A Documentary Film by Steven Sebring
Shot over 11 years by renowned fashion photographer Steven Sebring, “Patti Smith: Dream of Life” is an intimate portrait of the legendary rocker, poet and artist. Following Smith’s personal reflections over a decade, the film explores her many art forms and the friends and poets who inspired her — William Burroughs, Allen Ginsberg, Bob Dylan, Robert Mapplethorpe and Michael Stipe. She emerges as a crucial, contemporary link between the Beats, punks and today’s music. Shot in lush, dark tones, featuring rare performance clips and narrated by the artist herself, “Patti Smith: Dream of Life” is an impressionistic journal of a multi-faceted artist that underscores her unique place in American culture.
“Patti Smith: Dream of Life”
Presents Evocative Portrait of the Legendary Rocker and Artist, Wednesday, Dec. 30, 2009, at 9 p.m. in Special Presentation on PBS’ POV
Smith was both participant and witness to a seminal scene in American culture; film portrays her friendships and work with Robert Mapplethorpe, William Burroughs, Allen Ginsberg, Sam Shepard and Bob Dylan.
“Created over a heroic 11 years … a lovely … first feature. … Mr. Sebring creates a structure for the film in which past and present seem to flow effortlessly and ceaselessly into each other.” — Manohla Dargis, The New York Times
Shot over 11 years by acclaimed fashion photographer Steven Sebring, “Patti Smith: Dream of Life” is a remarkable plunge into the life, art, memories and philosophical reflections of the legendary rocker, poet and artist. Sometimes dubbed the “godmother of punk” — a designation justified by clips of her early rage-fueled performances — Smith was much more than that when she broke through with her 1975 debut album, Horses. A poet and visual artist as well as a rocker, she befriended and collaborated with some of the brightest lights of the American counterculture, an often testosterone-driven scene to which she brought a swagger and fierceness all her own.

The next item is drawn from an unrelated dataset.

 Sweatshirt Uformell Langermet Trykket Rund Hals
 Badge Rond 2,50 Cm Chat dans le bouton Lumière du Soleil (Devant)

In “Patti Smith: Dream of Life,” the artist’s memories of these times, and of a period of domestic happiness and the tragedies that brought her back to the stage, attain an intense, hypnotic lyricism, much like that of her own songs. The two-hour film has its American broadcast premiere in a POV (Point of View) special presentation on Wednesday, Dec. 30, 2009, at 9 p.m. on PBS, concluding POV’s 22nd season. (Check local listings.) American television’s longest-running independent documentary series, POV is the recipient of a Special News and Documentary Emmy for Excellence in Television Documentary Filmmaking.
“Patti Smith: Dream of Life,” winner of a 2008 Sundance Film Festival Award for Excellence in Cinematography, is a riveting, intimate telling of Smith’s long, strange trip. She may not be the only middle-class Jersey girl to have made the leap to New York City in pursuit of artistic dreams, but she may be the only one to have emerged — and survived — as a multifaceted poet, artist and rock star. Through performance footage, interviews, poems, paintings, photographs and Smith’s voice-over reminiscences, “Dream of Life” reveals a complicated, charismatic personality wrestling with the paradoxes of being an artist in America and of being a woman in a male-dominated music scene.
Smith also wrestles with the tragedies — the deaths of her husband and brother — that brought her back to New York and to performing. Layering Smith’s words over innovative camera techniques, the film explores how one woman discovered herself through music, how she survived tragedy, how she raised two children and how she endeavors in a quest for peace, for herself and for the world.
In telling Smith’s story, Sebring plumbs the history of several important cultural movements. Smith’s collaborations and close friendships with poets William Burroughs, Gregory Corso and Allen Ginsberg, photographer Robert Mapplethorpe and musicians Bob Dylan and Michael Stipe reveal the links that make her a bridge between the Beats, the punk movement and musicians of today. The colorful moments in “Dream of Life” are plenty: Smith as an angelic street urchin, reciting “A Prayer for New York” in footage from 1975; a jam session with her 1970s collaborator, playwright Sam Shepard; Smith reading an Allen Ginsberg poem at Ginsberg’s funeral; and Smith hanging out on the beach with Flea from the Red Hot Chili Peppers. Shot in lush, textured 16mm film, “Dream of Life” is a vibrant chronicle of rock history and the story of a bold woman who would not be denied on stage or off. It is also the story of a survivor whose creative intelligence thrives more than 30 years after the world first became aware of her.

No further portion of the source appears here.